#### [YOUR TASK]
Set down all of the entries below exactly, and omit the pictures.
☆ ☆ ☆
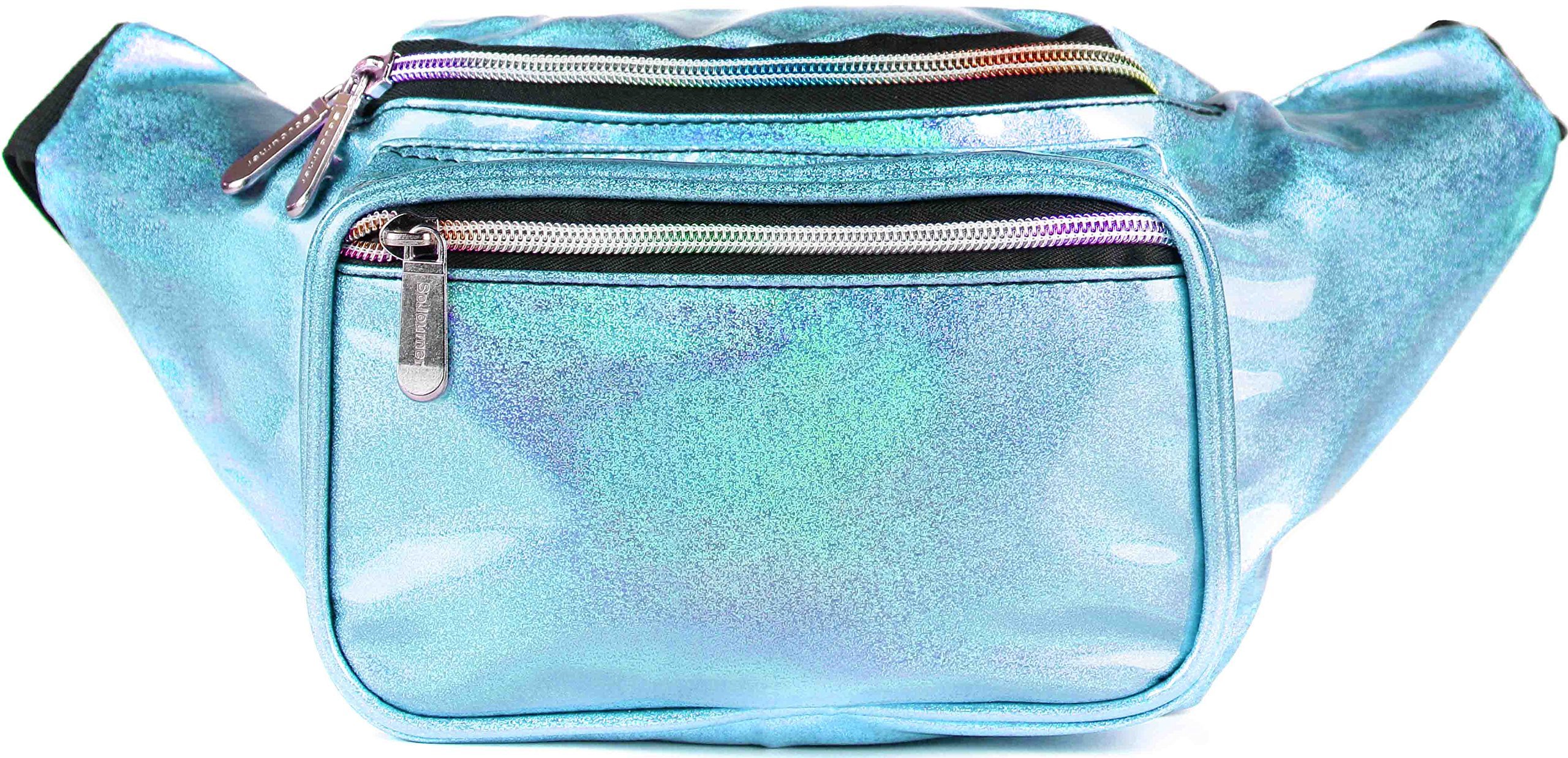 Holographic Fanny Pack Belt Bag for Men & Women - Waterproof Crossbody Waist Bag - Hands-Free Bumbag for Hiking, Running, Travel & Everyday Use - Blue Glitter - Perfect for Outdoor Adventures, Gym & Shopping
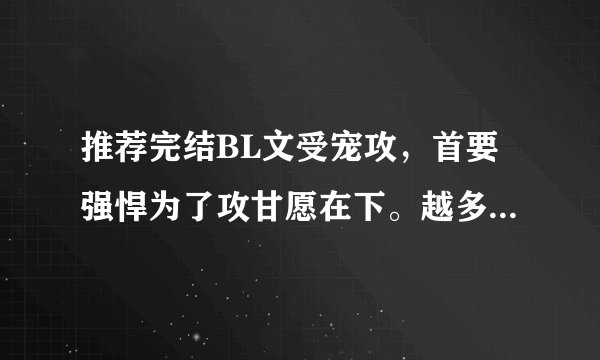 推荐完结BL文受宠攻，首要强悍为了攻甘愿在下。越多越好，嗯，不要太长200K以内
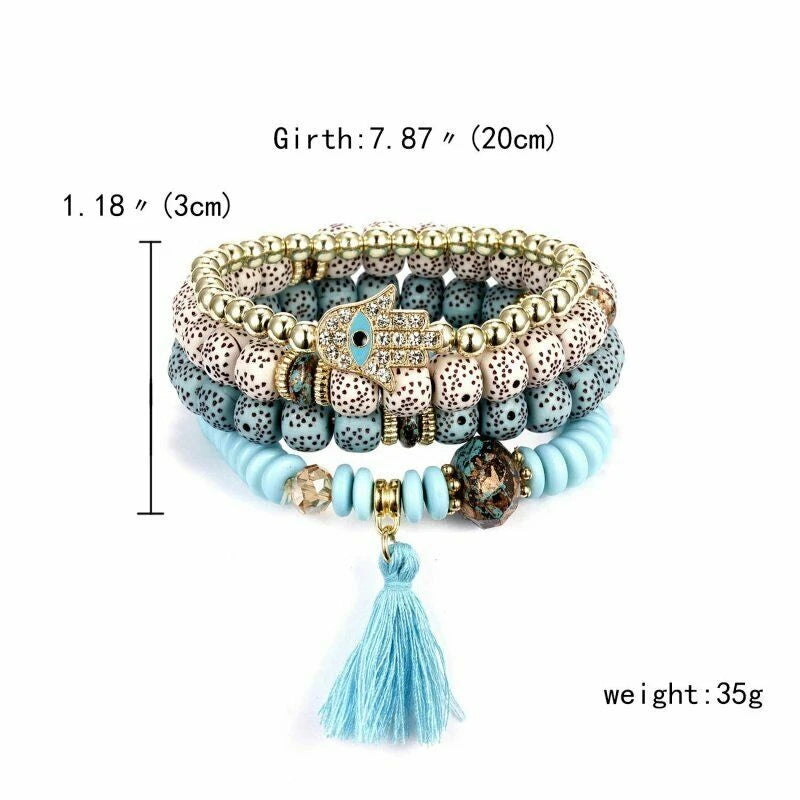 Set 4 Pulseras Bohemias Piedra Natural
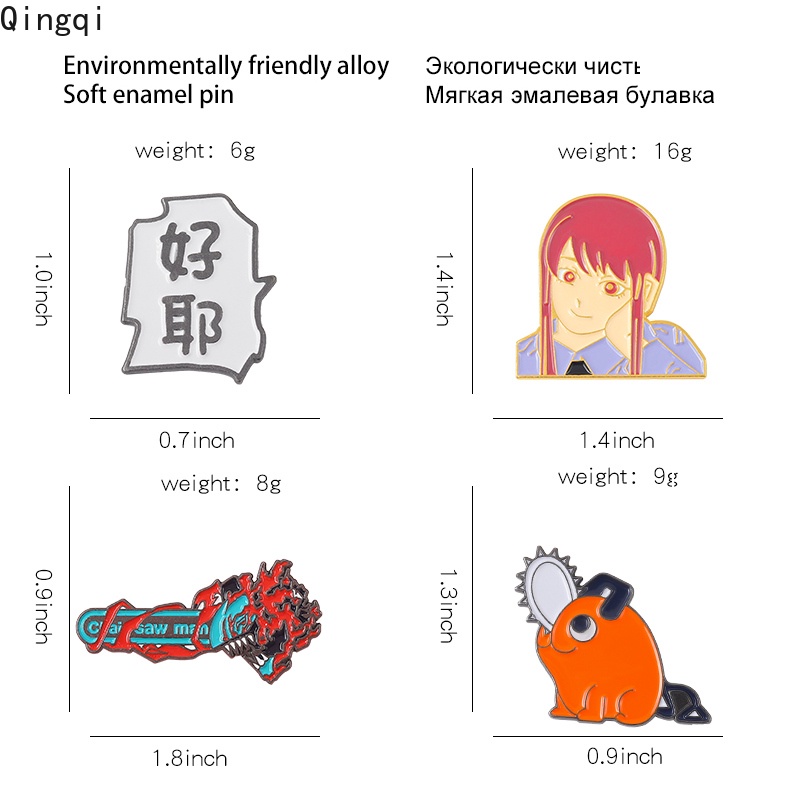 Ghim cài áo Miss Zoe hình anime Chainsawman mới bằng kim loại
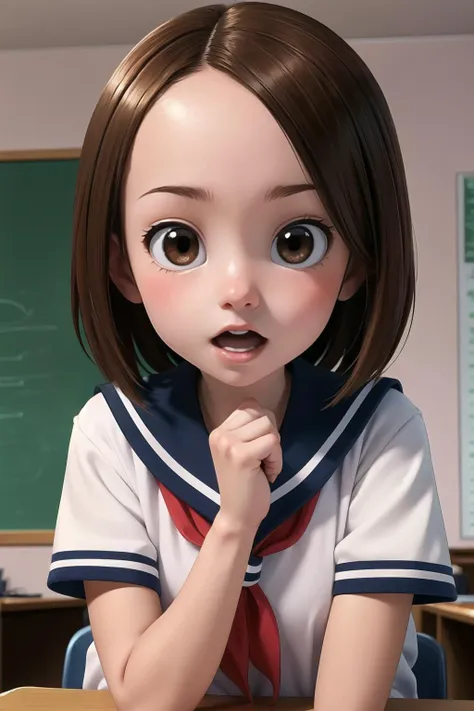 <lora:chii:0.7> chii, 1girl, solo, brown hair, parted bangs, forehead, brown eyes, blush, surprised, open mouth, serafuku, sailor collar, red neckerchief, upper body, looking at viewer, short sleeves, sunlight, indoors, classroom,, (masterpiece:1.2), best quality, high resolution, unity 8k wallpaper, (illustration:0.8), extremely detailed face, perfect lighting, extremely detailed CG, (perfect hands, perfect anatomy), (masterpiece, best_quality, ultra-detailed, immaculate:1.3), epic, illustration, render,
☆ ☆ ☆
#### [RESPONSE TO THIS EXERCISE]
 Holographic Fanny Pack Belt Bag for Men & Women - Waterproof Crossbody Waist Bag - Hands-Free Bumbag for Hiking, Running, Travel & Everyday Use - Blue Glitter - Perfect for Outdoor Adventures, Gym & Shopping
 推荐完结BL文受宠攻，首要强悍为了攻甘愿在下。越多越好，嗯，不要太长200K以内
 Set 4 Pulseras Bohemias Piedra Natural
 Ghim cài áo Miss Zoe hình anime Chainsawman mới bằng kim loại
 <lora:chii:0.7> chii, 1girl, solo, brown hair, parted bangs, forehead, brown eyes, blush, surprised, open mouth, serafuku, sailor collar, red neckerchief, upper body, looking at viewer, short sleeves, sunlight, indoors, classroom,, (masterpiece:1.2), best quality, high resolution, unity 8k wallpaper, (illustration:0.8), extremely detailed face, perfect lighting, extremely detailed CG, (perfect hands, perfect anatomy), (masterpiece, best_quality, ultra-detailed, immaculate:1.3), epic, illustration, render,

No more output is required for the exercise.